START Provided material
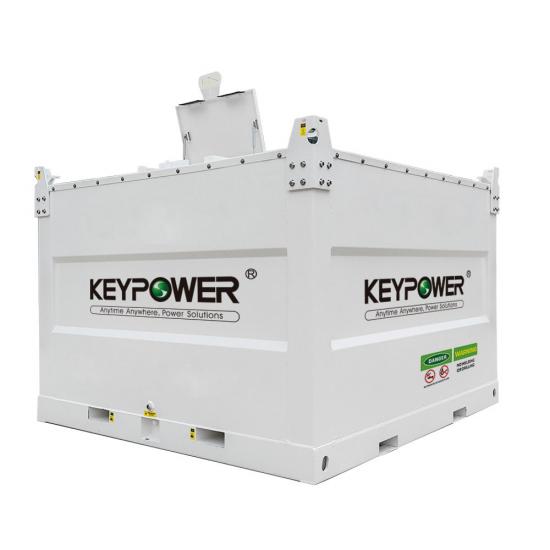  5000L fuel tank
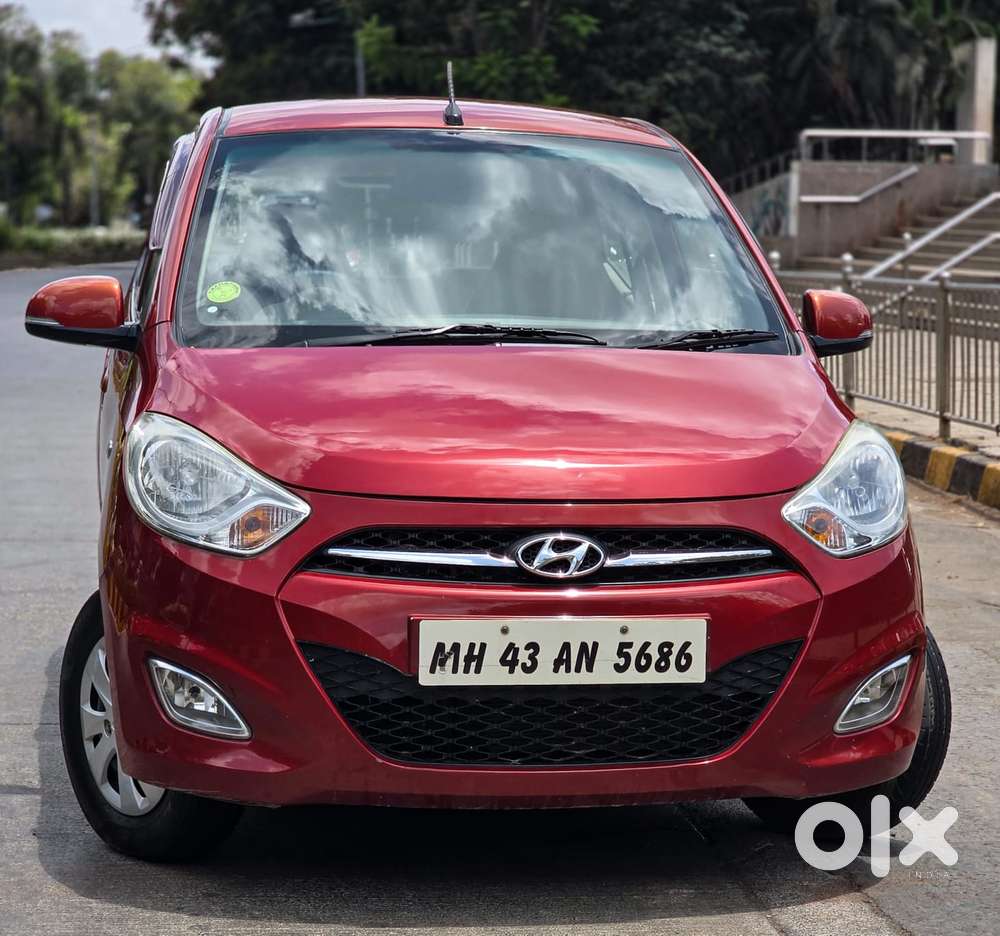 Hyundai I10 1.2 Kappa Magna, 2013, Petrol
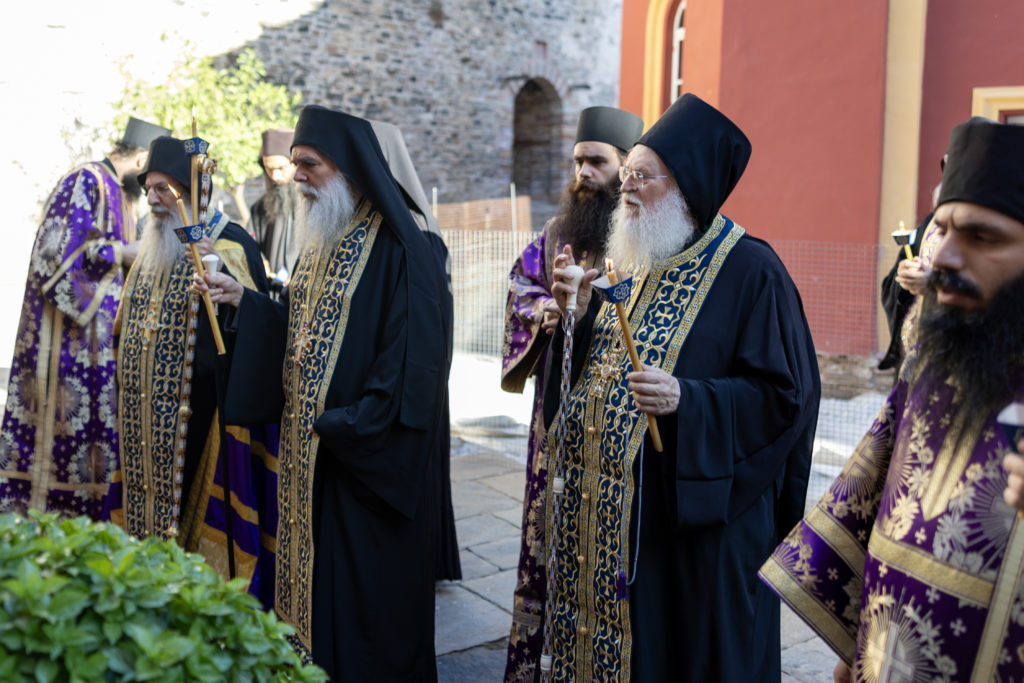 Δεκαεπτά έτη από την κοίμηση του Γέροντος Ιωσήφ Βατοπαιδινού (ΦΩΤΟ)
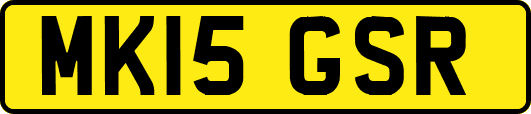 MK15GSR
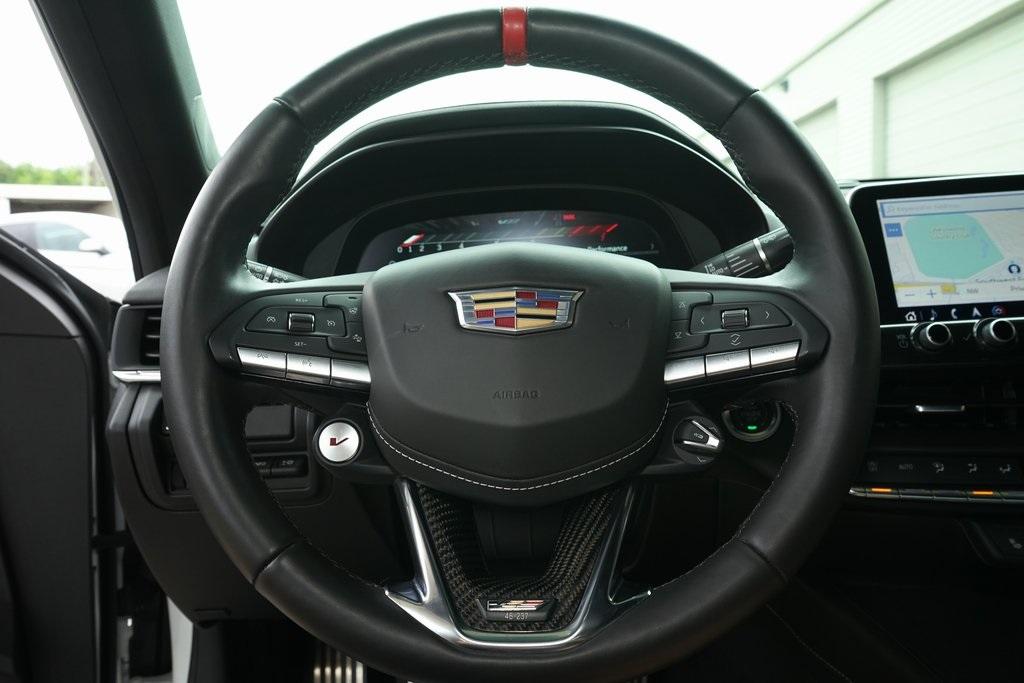 2022 Cadillac CT4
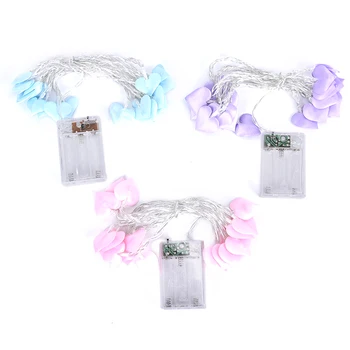 1.5/3M Led LED Love Heart Wedding String Fairy Light Christmas Party Led String Light
1.5/3M Led LED Love Heart Wedding String Fairy Light Christmas Party Led String Light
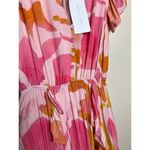 Anthropologie NWT Caballero Kendal Dress in Silky Islands Print Sz. S Photo 7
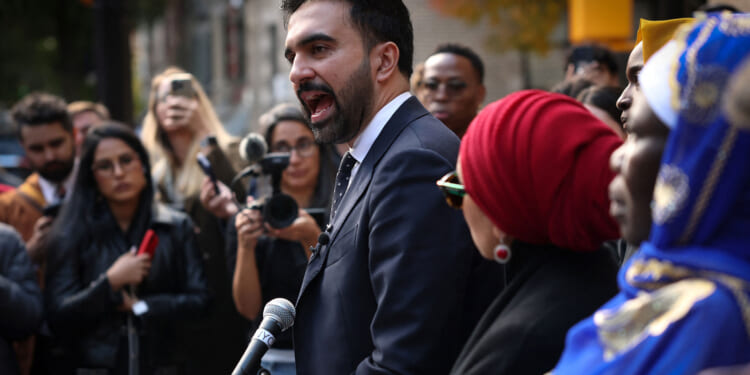 Mamdani’s Islamophobia Canard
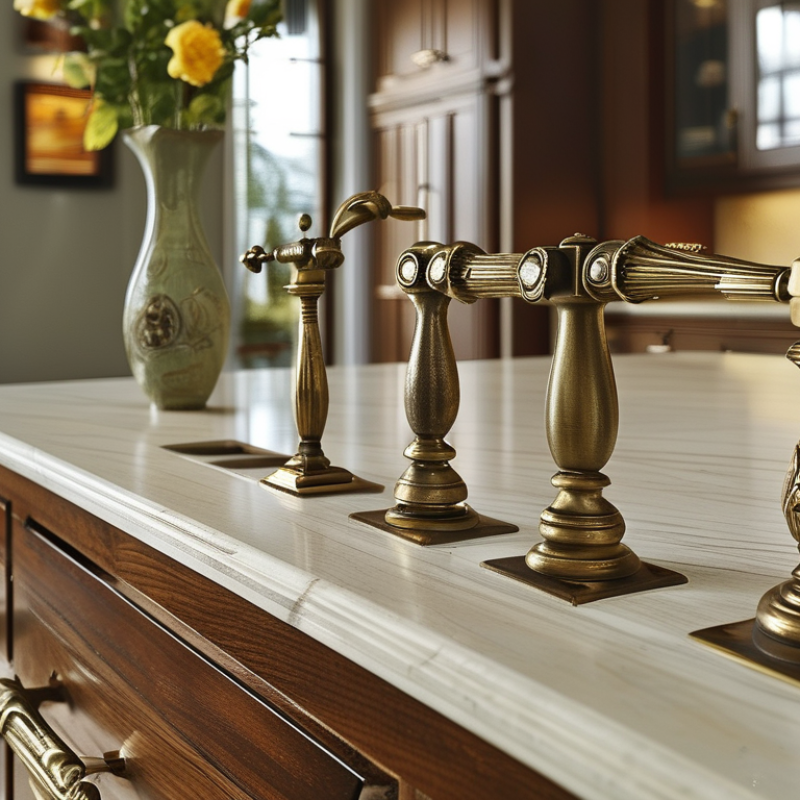 Custom Kitchen Cabinet Handle Tips for Better Design Choices?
END Provided material
Exercise: Repeat exactly, and only, the entries from the line with "Hyundai I10 1.2 Kappa Magna, 2013, Petrol" through the line with "Mamdani’s Islamophobia Canard". Pictures are skipped.

Solution below:
 Hyundai I10 1.2 Kappa Magna, 2013, Petrol
 Δεκαεπτά έτη από την κοίμηση του Γέροντος Ιωσήφ Βατοπαιδινού (ΦΩΤΟ)
 MK15GSR
 2022 Cadillac CT4
 1.5/3M Led LED Love Heart Wedding String Fairy Light Christmas Party Led String Light
1.5/3M Led LED Love Heart Wedding String Fairy Light Christmas Party Led String Light
 Anthropologie NWT Caballero Kendal Dress in Silky Islands Print Sz. S Photo 7
 Mamdani’s Islamophobia Canard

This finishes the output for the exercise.